The issuing of technology licence exemptions for India. Reversing years of a US policy of tech denial, Bush has agreed to develop a "positive list" of Indian firms and agencies which would have automatic access to US know-how. Indian officials described it as similar to the "green channel" in customs. The US will benefit in increased hi-tech exports to India.

The launch of a Rs 1000-crore Agricultural Knowledge Initiative that would knit Indian and US agricultural research networks over a period of years. Bush and Singh see this as an opportunity to launch a second Green Revolution and revive India's flagging farm sector.

The CEO's Forum arose out of a recognition that in today's world investment and trade was driven by the private sector. Roping in top US executives to outline how to accelerate the Indo-US economic relationship was, a diplomat explained, Bush's attempt to "politically direct" US business in India's direction.

The two countries have readied space cooperation for blast-off.

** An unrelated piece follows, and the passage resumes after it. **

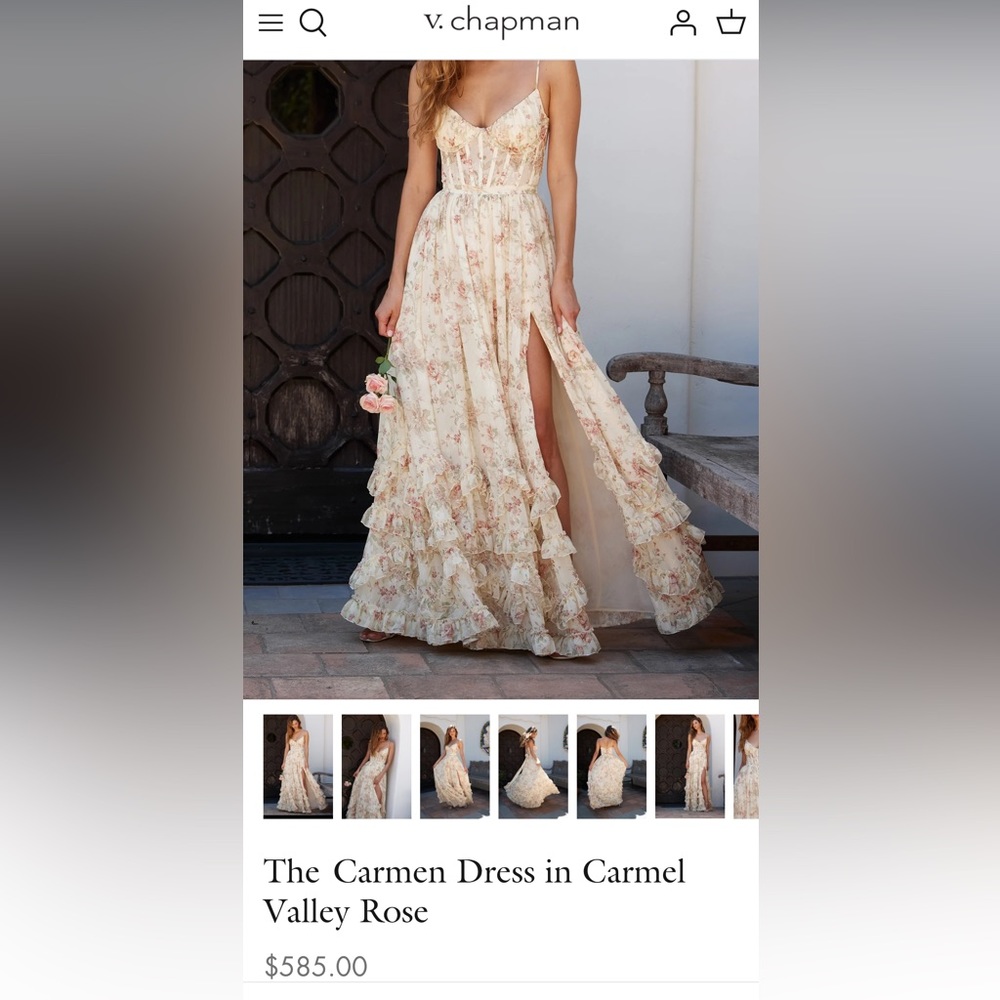 V. Chapman The Carmen Dress in Carmel Valley Rose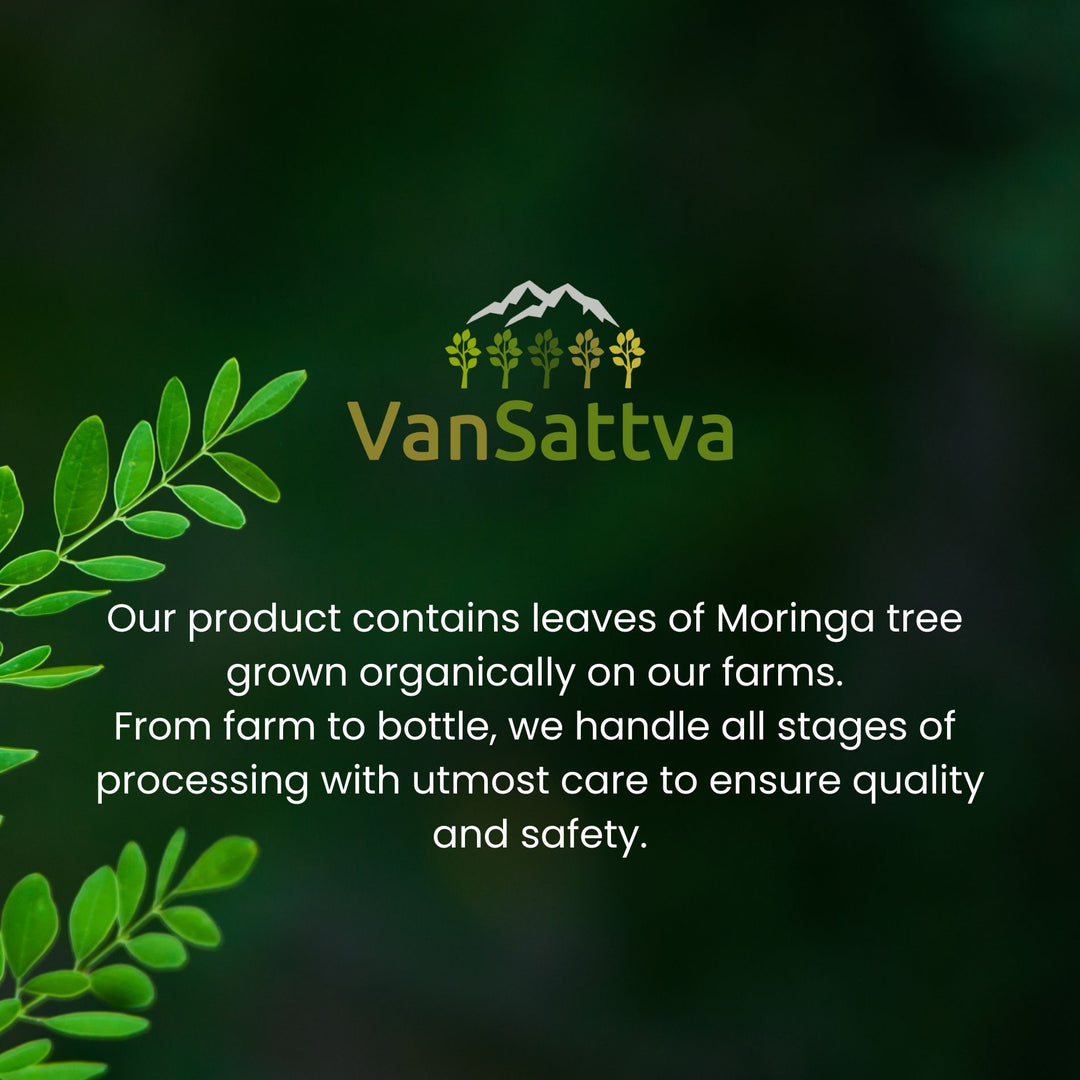 Vansattva Moringa Capsules 650mg – 100% Natural Immunity & Energy Support – Veg Capsules – 60 Count – Made in India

Only the failure of Nasa's chief to make this trip stopped a technology safeguard agreement that will allow the Indian Space Research Organisation to tap the billion-dollar US satellite-launch market.

An energy initiative that will see India access US technology to "clean" the high-ash coal that India has in abundance but can use only with difficulty.

The long-term goal of all this, say diplomats from both countries, is to help India achieve the 10 per cent economic growth rate that Singh sees necessary to lift India from poverty and Bush believes is necessary to make India part of the "great power calculus".

All sources agree, however, that the US president is personally excited most by India's democratic polity. As he declared at Purana Qila in his last speech in India, "India in the 21st century is a natural partner of the United States because we're brothers in the cause of human liberty."